Un autre phénomène peut s’observer et susciter une réflexion sur l’avenir de ce mouvement. Dans la rhétorique des antispécistes, on observe bien souvent la volonté d’anthropomorphiser les animaux. L’objectif est de mettre l’accent sur leur souffrance, les émotions qu’ils ressentent, leur intelligence. Certains n’hésitent pas à invoquer le génocide juif pour parler de l’exploitation animale, à comparer l’insémination des vaches à un viol… La réduction de la frontière entre l’homme et l’animal peut être envisagée comme une prémisse à sa future abolition. Certains discours, certes très marginaux et pouvant faire sourire, semblent aller dans ce sens : sur le net, certaines personnes, dénommées otherkins, racontent ainsi être des animaux enfermés dans un corps d’humain [3]. Des militants transgenres ont d’ailleurs critiqué les otherkins, les accusant de ridiculiser leur cause en mettant sur un pied d’égalité identité de genre et identité d’espèce.

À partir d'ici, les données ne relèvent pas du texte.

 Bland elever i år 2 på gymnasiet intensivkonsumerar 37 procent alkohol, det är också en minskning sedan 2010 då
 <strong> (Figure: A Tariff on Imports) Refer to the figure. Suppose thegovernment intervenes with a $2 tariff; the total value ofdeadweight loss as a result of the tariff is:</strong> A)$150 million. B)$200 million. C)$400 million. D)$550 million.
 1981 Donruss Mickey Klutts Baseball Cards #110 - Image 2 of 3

Quoique l’on en pense, ce qui apparaît aujourd’hui inconcevable peut devenir banal à l’avenir et aurait de profondes implications pour la société. Ainsi, la critique des frontières et des assignations identitaires ouvre autant la voie à des aspirations émancipatrices qu’à la consolidation d’un régime ultra-libéral. Interroger les implications philosophiques de l’antispécisme demeure alors une précieuse boussole pour ne pas laisser place à une conception très fluide de l’identité, selon laquelle l’identité ne dépendrait que de soi, mais devrait être reconnue par chacun.

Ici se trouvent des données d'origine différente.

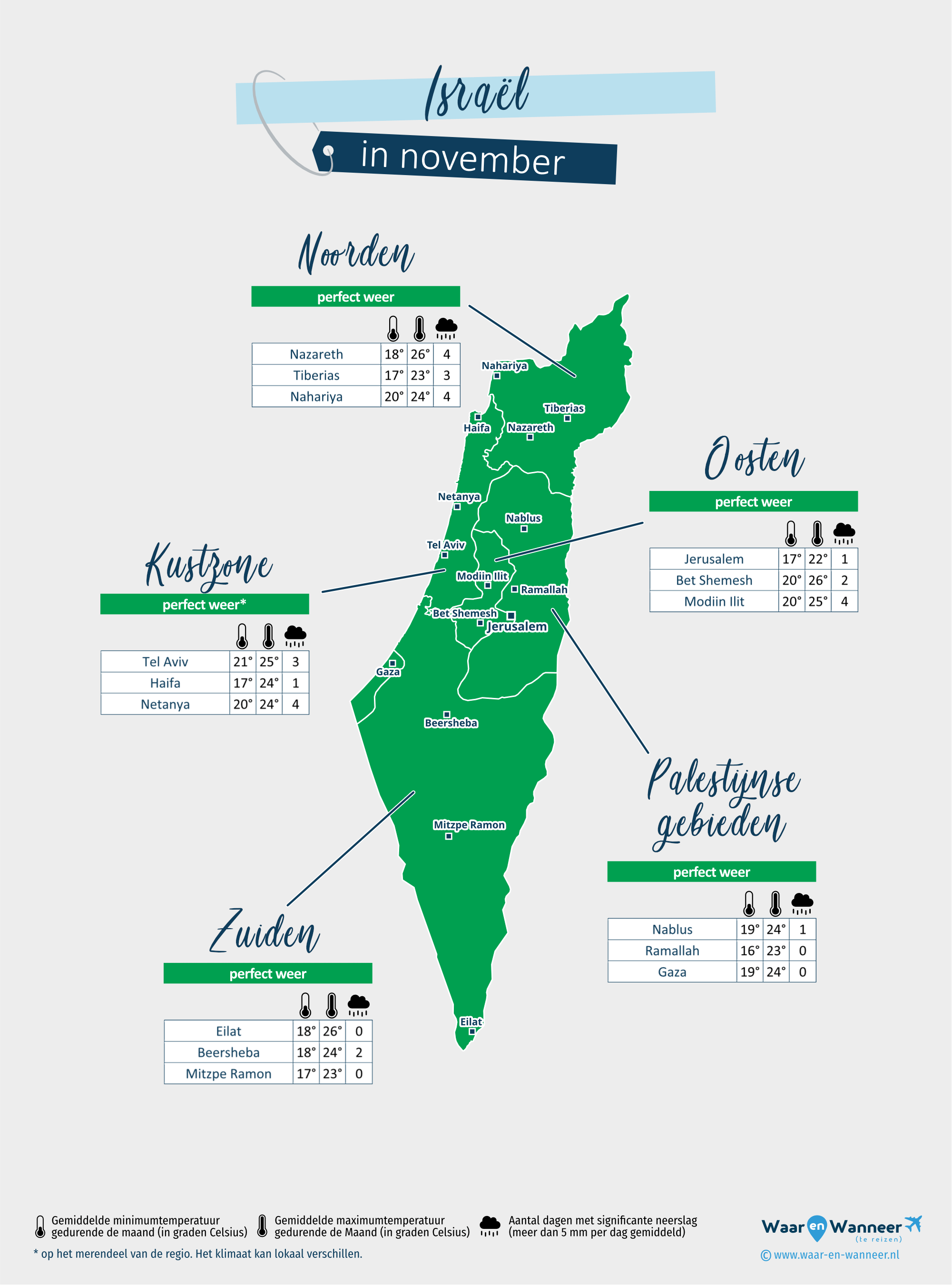 Israël: weerkaart in november in verschillende regio's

En définitive, distinguer les raisons d’être de l’antispécisme et le discours qu’il porte

Le mouvement antispéciste, par sa simple présence et la radicalité de son discours, oblige les sociétés occidentales à repenser le lien qu’elles entretiennent avec les animaux, le vivant, et plus généralement l’écosystème. Mais il faut bien distinguer les raisons qui font exister un discours, le discours en lui-même, et les effets du discours. Les raisons qui font exister l’antispécisme nous inclinent – car ce mouvement dérange – à questionner le fonctionnement des économies capitalistes industrialisées. La volonté de lutter contre la souffrance animale fait écho à l’exacerbation de cette souffrance engendrée par la surproduction de produits d’origine animale. Mais les solutions apportées par le mouvement lui-même semblent parfois néfastes en raison de leurs déterminants davantage émotionnels que rationnels. Finalement, l’antispécisme traduit peut-être lui-même la contradiction qu’il prétend pourtant combattre : d’une part, il incarne une critique de la dérive industrialiste et destructrice de nos économies. D’autre part, il peut cependant permettre, collatéralement, l’avènement d’une conception totalement dissolue de l’être humain qui ne peut que servir le consumérisme d’individus réduits à des atomes sans attaches, au bénéfice du capitalisme.

Pour aller plus loin :

La cause animale, par Christophe Traïni. (2011)
De la secte religieuse à l’utopie philanthropique. Genèse sociale du végétarisme occidental, par Arouna Ouedraogo. (2000)

[1] Selon un article de Ouest-France, “Le marché végétarien et végan a augmenté de 24% en 2018”, publié le 08/01/2019.

[2] En témoigne le best-seller de Peter Wollheben, La vie secrète des arbres, publié en 2017.

[3] Voir l’article du Monde, “Pas complètement humain : la vie en ligne des thérians et otherkins”, publié le 20/05/2014.